- Developer(s): Beam Software
- Publisher(s): Acclaim Entertainment
- Designer(s): Gregg Barnett Rod Richards
- Programmer(s): Rod Richards
- Artist(s): Tony G. Pentland Eve Marks
- Composer(s): Gavan Anderson Tania Smith
- Series: The Punisher
- Platform(s): Game Boy
- Release: NA: July 1991;
- Genre(s): Shoot 'em up
- Mode(s): Single-player

= The Punisher: The Ultimate Payback! =

1991 video game

The Punisher: The Ultimate Payback! is a 1991 shoot 'em up video game for the Game Boy, based on the Marvel Comics antihero the Punisher. The game, developed by Beam Software and published by Acclaim Entertainment, is a revised version of the 1991 NES game The Punisher, featuring cameo appearances from Spider-Man and the final boss being switched from Kingpin to Jigsaw.

== Plot ==
The game begins with Spider-Man telling Punisher that a drug lord is hiding in a mall and that he has to get him. Frank Castle shoots villains while protecting the innocent. Spider-Man appears between the action to offer advice on how to beat upcoming levels and swings in to rescue hostages once their captors have been shot.

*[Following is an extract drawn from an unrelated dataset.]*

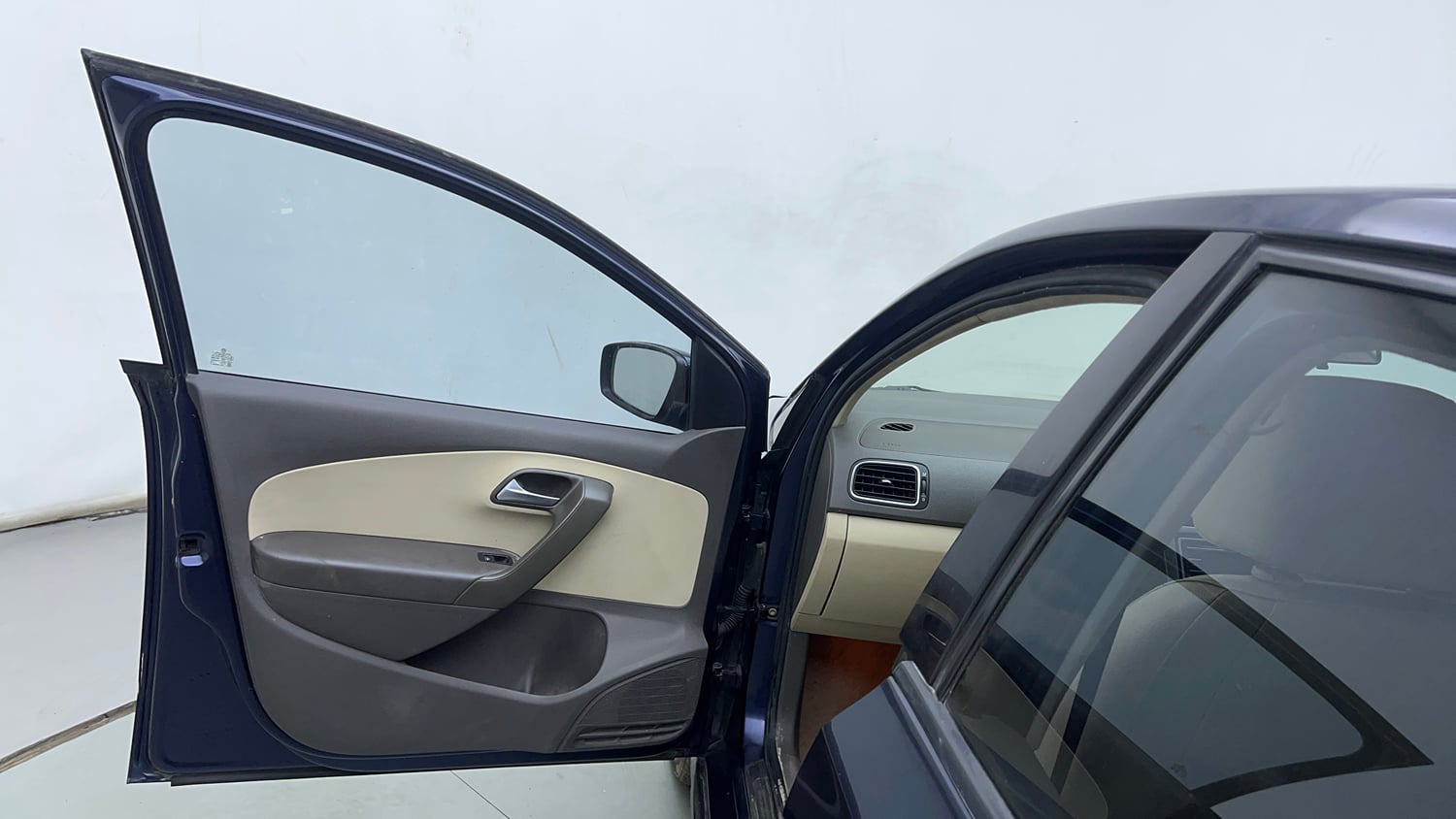 Used 2015 Volkswagen Vento Highline Diesel Diesel Manual interior LEFT FRONT DOOR OPEN VIEW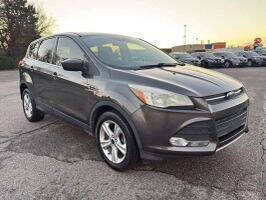 Black 2015 Ford Escape SE SE 4dr SUV 2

At the end of the game when Jigsaw realizes that The Punisher is going to kill him, Castle says, "Penance is good for the soul, but punishment is good for the guilty".

== Gameplay ==
The player controls Frank Castle (the Punisher) from an over-the-shoulder third-person perspective through various New York City locations, shooting thugs and battling enemies such as Hitman, Colonel Kliegg, Sijo Kanaka, and Assassin as bosses. The final boss is Jigsaw. Power-ups can be obtained by shooting them onscreen and include extra ammunition, a med kit, kevlar, a machine gun, a bazooka, and grenades.

== Reception ==
Blair Farrell of Comic Gamers Assemble criticized the game for removing the player's ability to move the Punisher across the screen but understood it was due to the size of the screen. He stated that the game is relatively short and difficult, and that Spider-Man's appearances did not make sense for the character considering that he would never aid the Punisher in killing his enemies. He said the game is overall very inferior to the NES version but has the advantage of separate soundtracks for each level.

Other reviewers have criticized the game for having very light player assistance and few health drops but that it is still relatively entertaining. Others commented on straying from the source comics.